REPRESENTATION OF AN ART STOP ON CENTRAL AVENUE, BY DEKKER/PERICH/SABATINI ARCHITECTS
The money will specifically come through the Federal Transit Administration’s Small Starts initiative designed to fund a variety of bus corridor improvement projects nationally.
“There’s a 99 percent chance that this money is going to come through,” says Dan Majewski, “and the reason I say that is that there are a lot of things in Obama’s budget that are no-goes, like things that come from his administration and not necessarily from Congress.”
But, continues Majewski, an urban planner who is co-chair of Urban ABQ, “the reason this project looks like a sure thing is that it is embedded on so many different levels—it’s gone through years and years of planning. It is embedded at the city level, the state level and the federal level by a variety of different agencies, which is why so many people are confident that this is going to happen.”

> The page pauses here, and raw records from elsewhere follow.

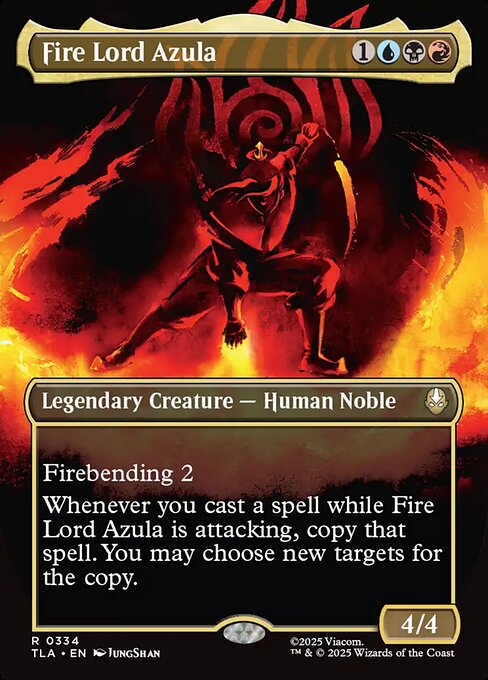 Fire Lord Azula magic the gathering card art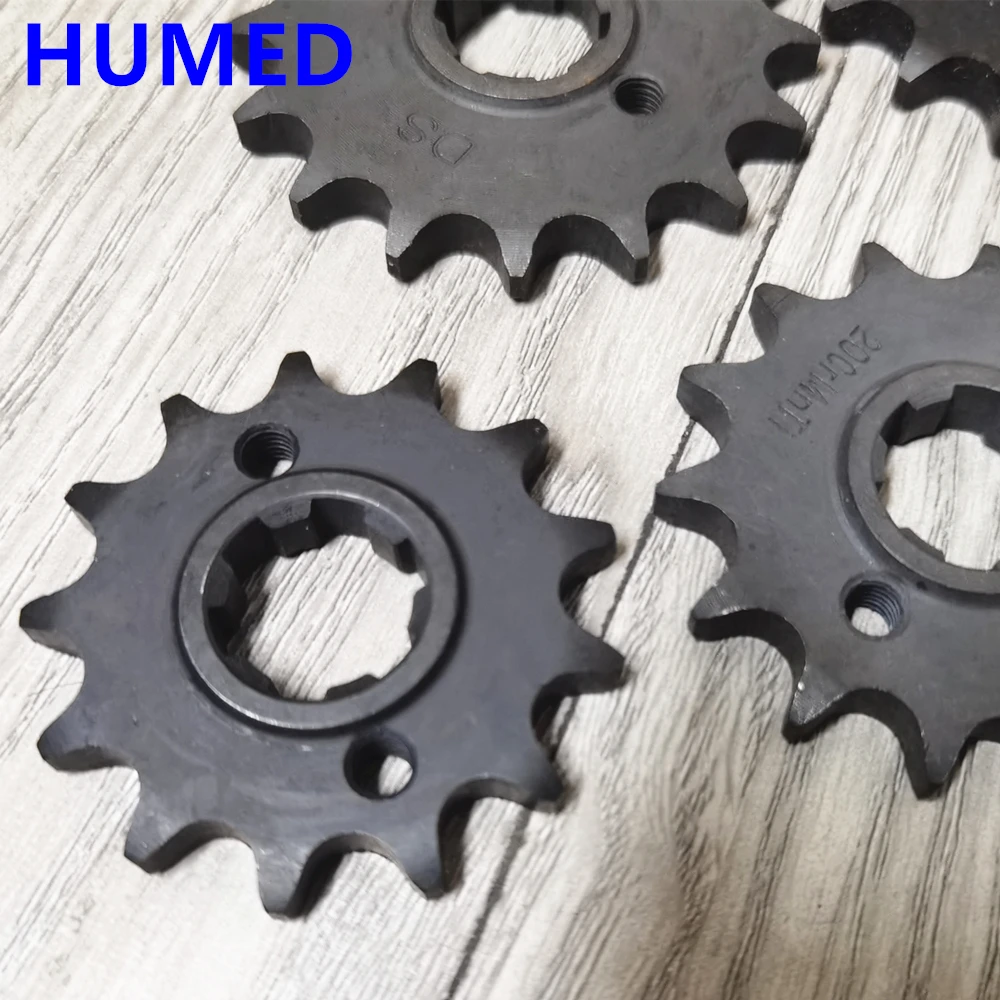 Motorcycle Front Engine 17mm 20mm 13T/14T 15T/16T/17T Sprocket For CBF125/150/CB190/RE250 Motorcycle teeth disk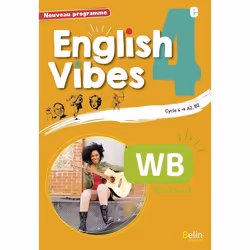 ISBN English Vibes 4E Workbook, Anglais, 144 pages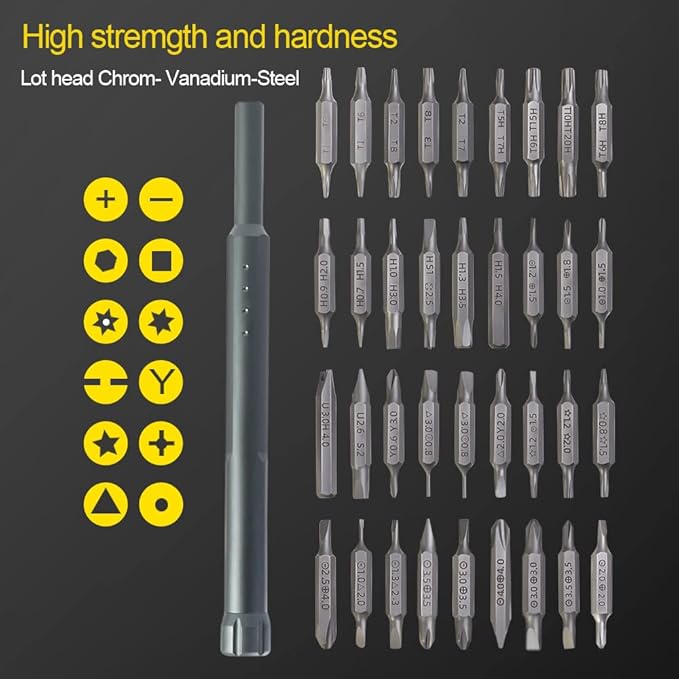 BES 72 in 1 Precision Screwdriver Set,Mini Screwdriver Set,Repair Tool Kit with Case Screwdriver Set for Computer, Laptop, Xbox, Macbook
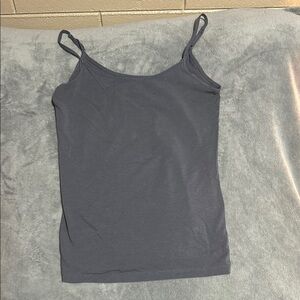 Women’s Fitted Gray Sleeveless Camisole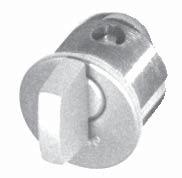 P716 Cylinder Guard Adams Rite MS 4043 Protects lock cylinder from removal by wrenches, prying or sawing to gain unauthorized entry.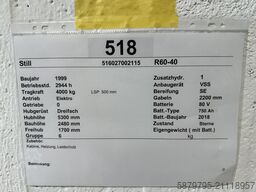 STILL R60-40 | 4000kg | 5300mm | 2944h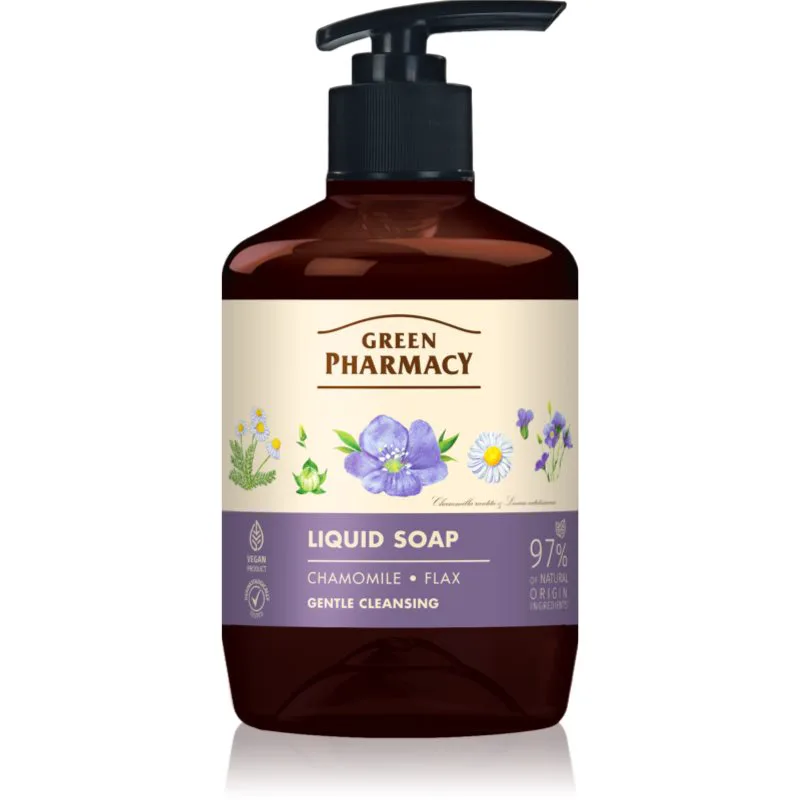 Green Pharmacy Chamomile Hand Soap υγρό σαπούνι 460 ml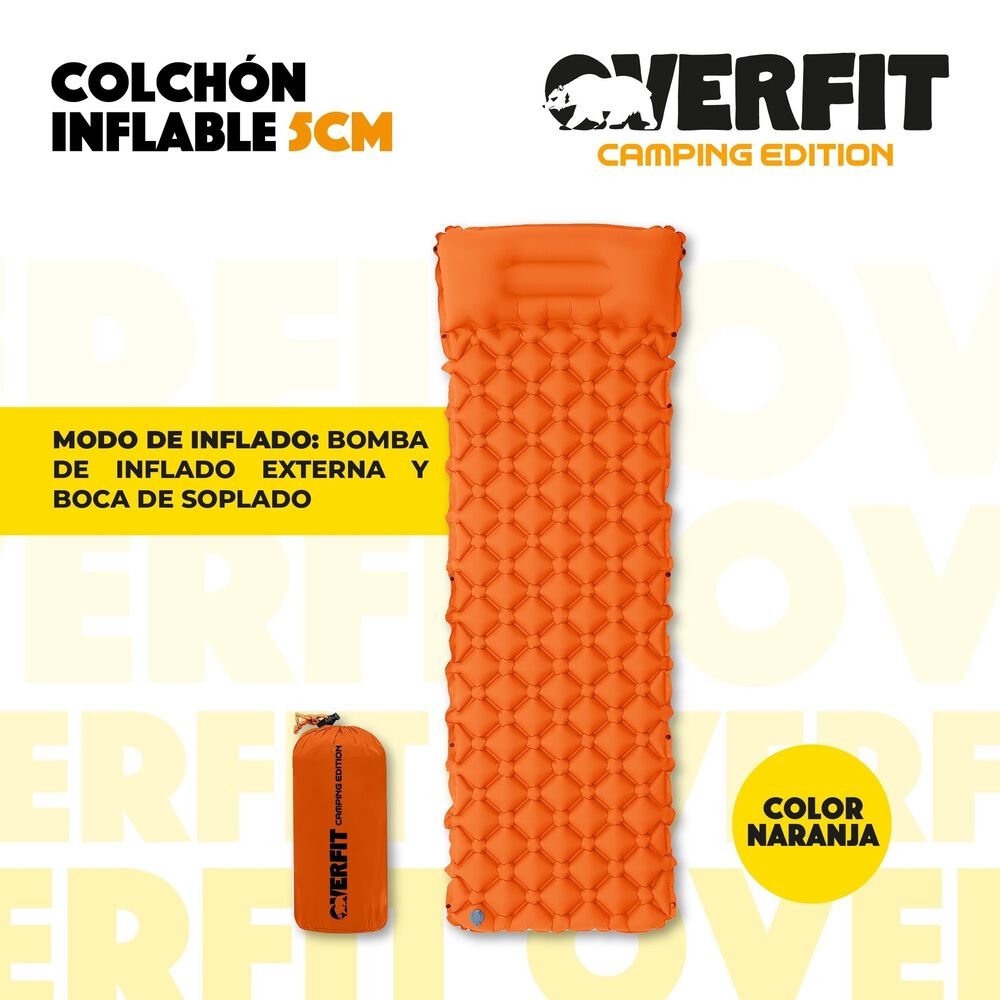 Colchoneta Inflable Individual Camping Overfit Light 5cm image number 5.0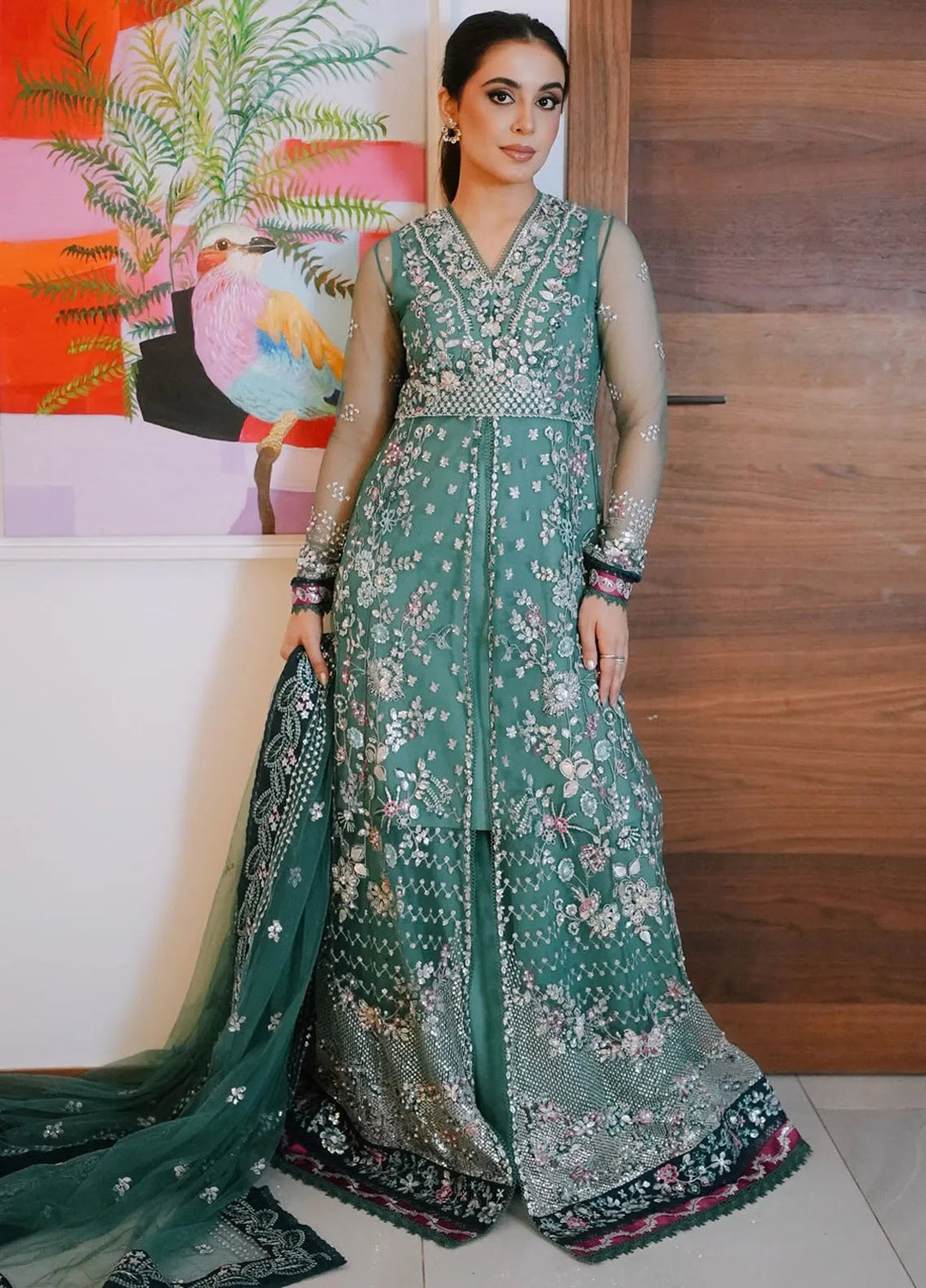 Republic WomensWear Embroidered Suits Unstitched 3 Piece RW24PV D-06 Serra - Wedding Collection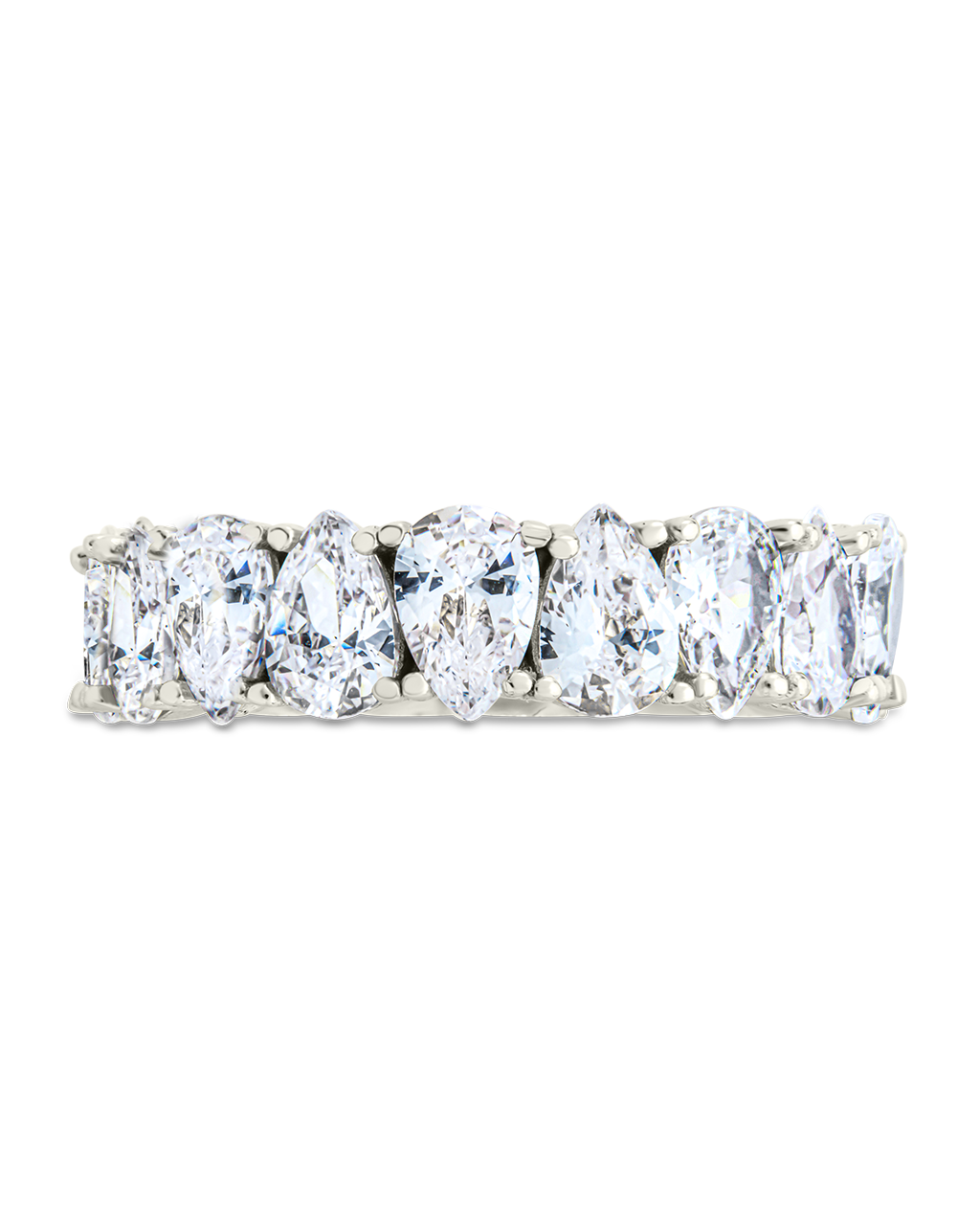 Sterling Silver Janis CZ Eternity Band Ring - Image 7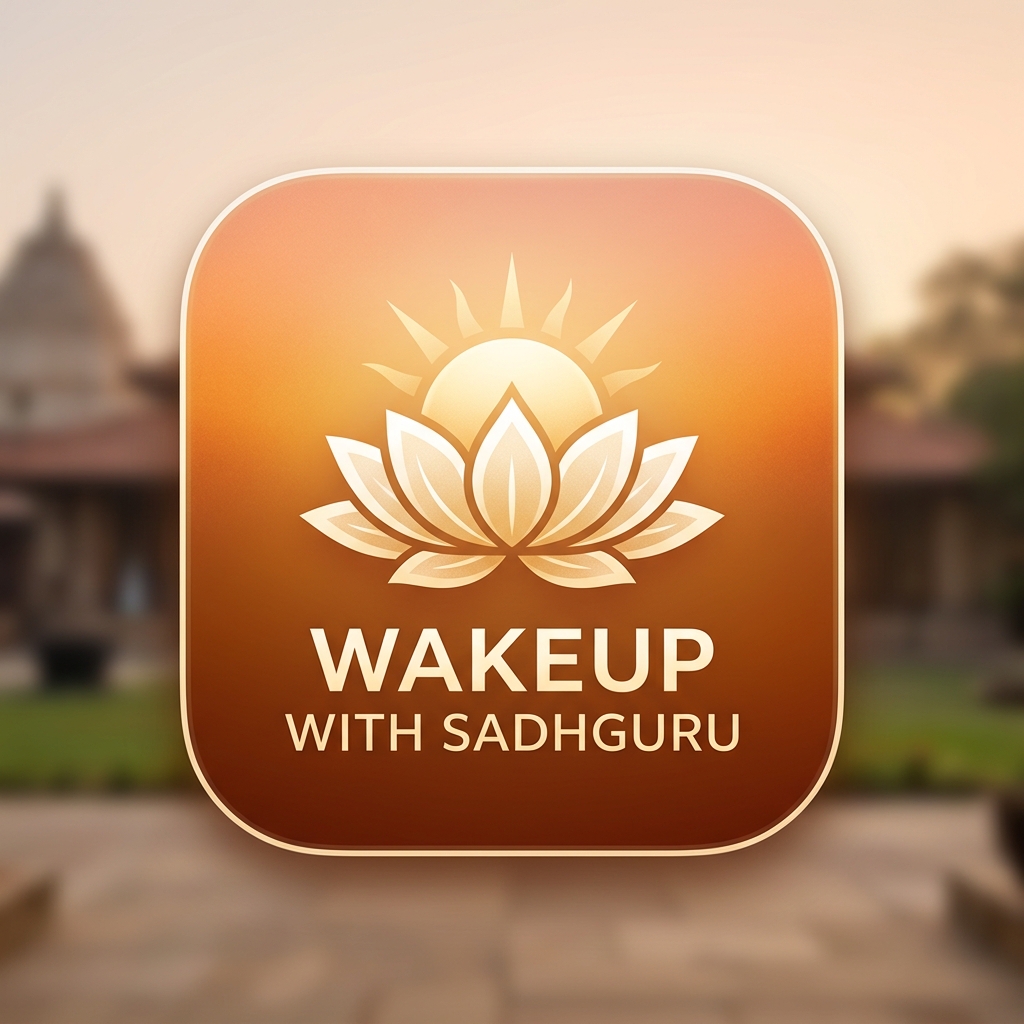 Wakeup with Sadhguru app icon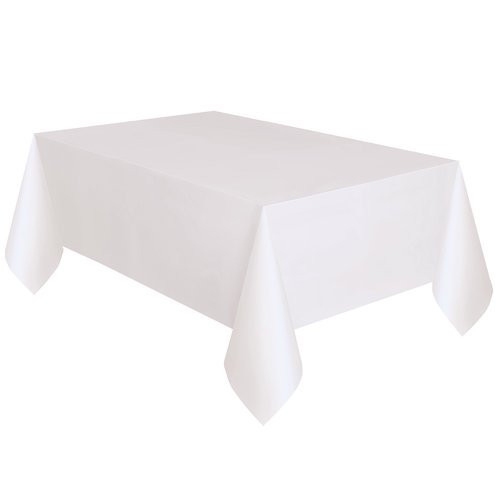 Way to Celebrate! White Plastic Party Tablecloths, 108 x 54in, 3ct | Walmart (US)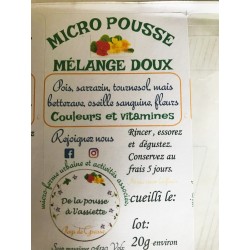 Mélange " doux" Micropousses 40 g (la barquette)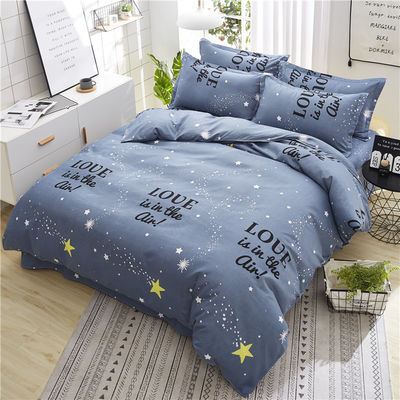 Scenic Pattern 100% Polyester Material for Bedsheet Fabric and Bedding Set at Changxing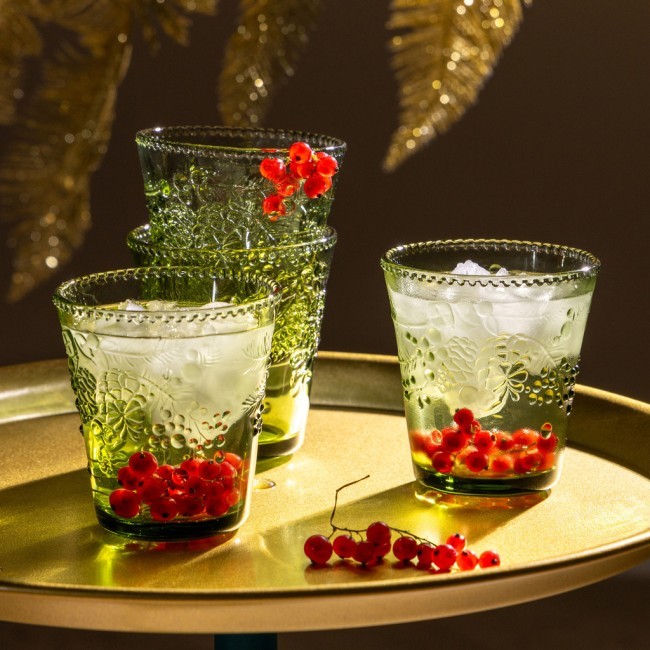 Набор стаканов "celebration" green, 4 шт/280 мл Lefard (355-400)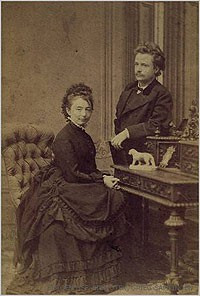 Nina og Edvard Grieg, gift i København 11. juni 1867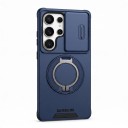 Ochranný kryt na Samsung Galaxy S25 Ultra Posuvná krytka fotoaparátu Kruhový držák Podpora magnetického nabíjení Pouzdro 4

Engendering no small amount of local controversy, the Albuquerque rapid transit project would see the creation of dedicated bus lanes and the construction of a series of canopy-covered median stations along busy Central Avenue.
As planned, the stations will be strategically placed every one-quarter to one-half mile.
REPRESENTATION OF AN ART STOP IN DOWNTOWN ALBUQUERQUE, BY DEKKER/PERICH/SABATINI ARCHITECTS
The project, known as ART (Albuquerque Rapid Transit), would greatly increase bus service and reduce time spent by commuters, owing to a system allowing the buses to communicate with Central Avenue traffic signals in order to reduce the number of red lights.
As originally proposed by Mayor Richard Berry, the new system would spur development up and down Central Avenue, which is part of historic Route 66, in ways that have been seen with new building and development in other cities, such as Phoenix, that have also embraced similarly ambitious transit projects.
But business owners in Nob Hill, bordered by Washington Street and Girard Boulevard, aren’t so sure.
“It’s a very heated issue, that’s for sure,” says Carolyn Chavez, the executive director of Nob Hill Main Street. Nob Hill Main Street is a part of the larger New Mexico Main Street program, and it has not taken an official stand on the project.
“There is a very vocal group that is against the project, but also a lot of merchants who are for it,” reports Chavez.
“Then there is a third group of people who are hopeful for the outcome but really concerned about the construction process,” says Chavez.
In fact, Nob Hill merchants say they aren’t just worried about the impact the project will have on their businesses during the construction phase, which is expected to last from this May to the late summer of 2017. They also don’t like what they think could happen once that construction is finished.
“In every way, this project is the incorrect solution for the wrong street,” says Steve Schroeder, who is the owner of Nob Hill Music at 3419 Central Avenue NE and the founder of SaveRt66.org, which is dedicated to stopping the project.
“What happens when you do something like this is you end up creating havoc for businesses, tourism, and customers in the area,” says Schroder, noting that the current two traffic lanes traveling in both directions on Central would be reduced to one.
“Try to imagine one lane of traffic on Nob Hill,” continues Schroeder, pointing out the tourism value of Route 66. “Around 30 percent of my business is from people who don’t even live in Albuquerque, and I know of restaurants here where it’s as high as 40 percent.”
“This means that there’s going to be a drastic cut in tourism in this area, and when you do that, businesses are going to get hurt,” adds Schroeder.
If Congress approves the $69 million for the project, which is part of a larger Obama budget this year of $14.6 billion, at least $50 million more will have to be secured due to subsequent changes to the project’s original design, including landscaping, more traffic signals, and improved sidewalks.
“Those changes are designed to mitigate some of the concerns that were raised by the neighborhood associations,” says Majewski, “and they are really good changes that are going to contribute to the success of the project. But it means that the city somehow has to find a lot more money.”
Some $5.4 million in matching funds will be coming from the City of Albuquerque, as well as $13 million in bond money approved by the City Council. The rest of the money, according to city officials, will most likely come from federal sources.